In anticipation of the hot weather, you’ve had your air conditioning checked, cleaned your filter and tested the system. Everything’s a “go.” But when a hot spell arrives, you might walk into your home and feel – well — hot. If you joined the electric company’s energy saving plan, you may find yourself wondering whether or not you need to repair your air conditioner.
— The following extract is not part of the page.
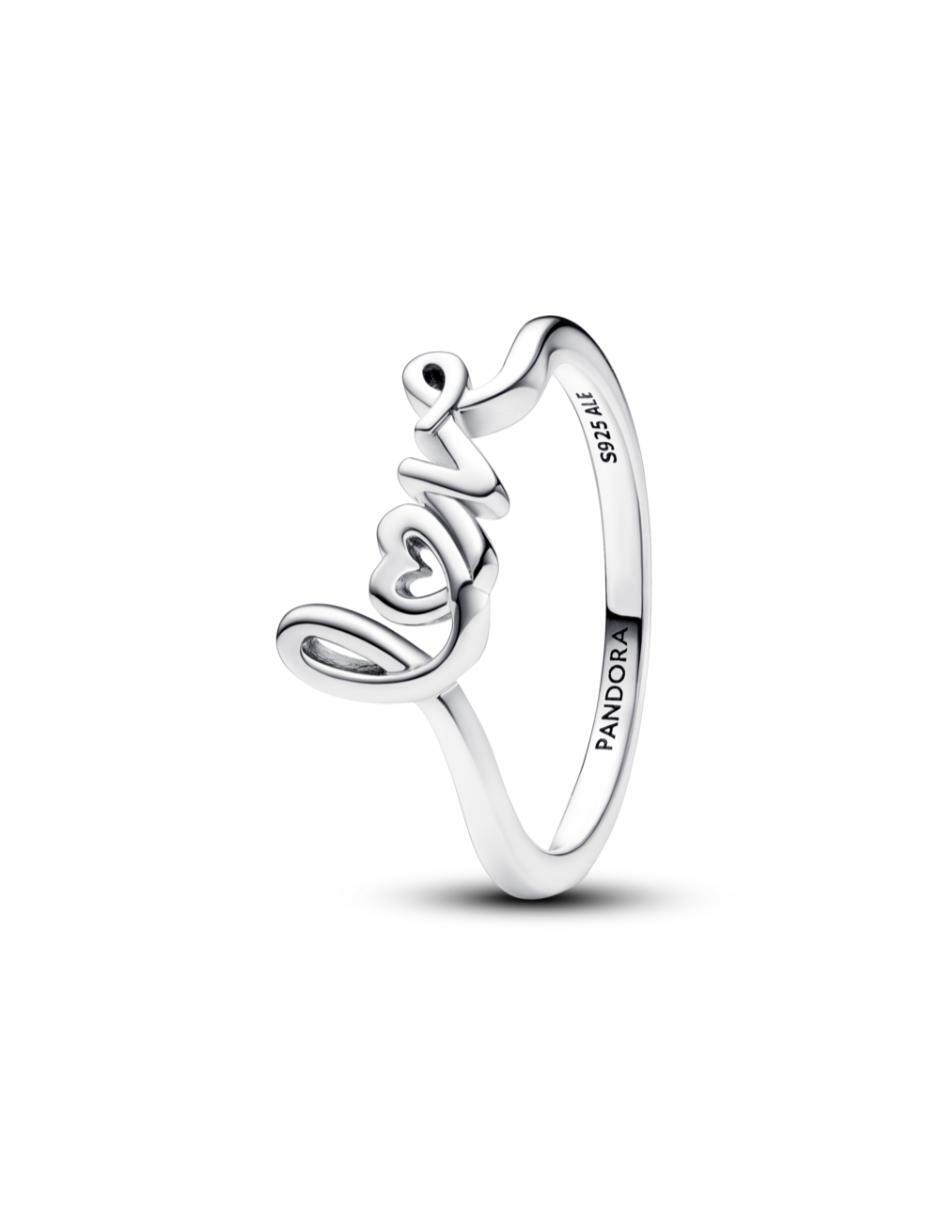 Anillo Moments P 925 de plata brillante 2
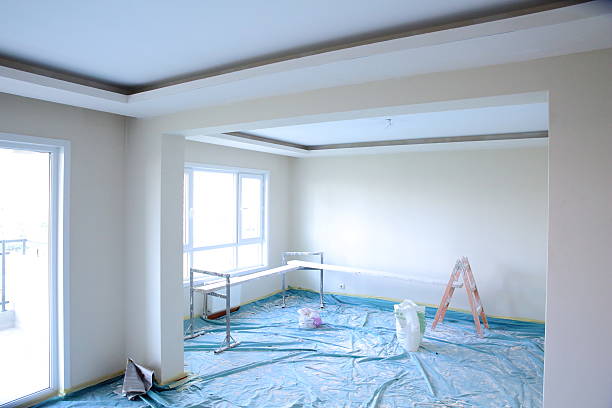 Painting for New Construction in Coplay, PA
These programs were designed to save energy by offering cycling events or rolling shut downs on the power grid. In concept, it sounds good. We all want to do our part in conserving energy. The purpose is to prevent brown-outs and black-outs during peak periods. In general, these will help in emergency heat situations. There are also times when the power company is simply trying to drive down the price of power and they are using cycling to do it. They tell you this up front as you consider joining the program, and it is listed on their websites, but on a hot day when your air conditioner is cycled down, you may not appreciate their motives. Normally, there is an override feature which allows you to override the cycling of your air conditioning – but it has its stipulations. For example, you may only be able to override twice in the entire summer. That’s a tough one if it’s a summer full of Maryland 90-degree days.
Also, how do we know when there will be a shut down? What if it’s on the day of your daughter’s graduation party and it’s a high of 90 degrees? What if it’s on the day that you stay home from work to get household chores done? The shut-down can cause the house to become uncomfortably hot. And let’s face it. It takes quite a bit of energy to cool the house back down again.
These energy-saving programs sound great in theory and when we sign up for them, we often don’t think through all the possible scenarios. Inevitably, you’ll be wondering if your air conditioning needs work, when all it really needs is to be on an energy-saving cycle that considers your individual schedule and needs.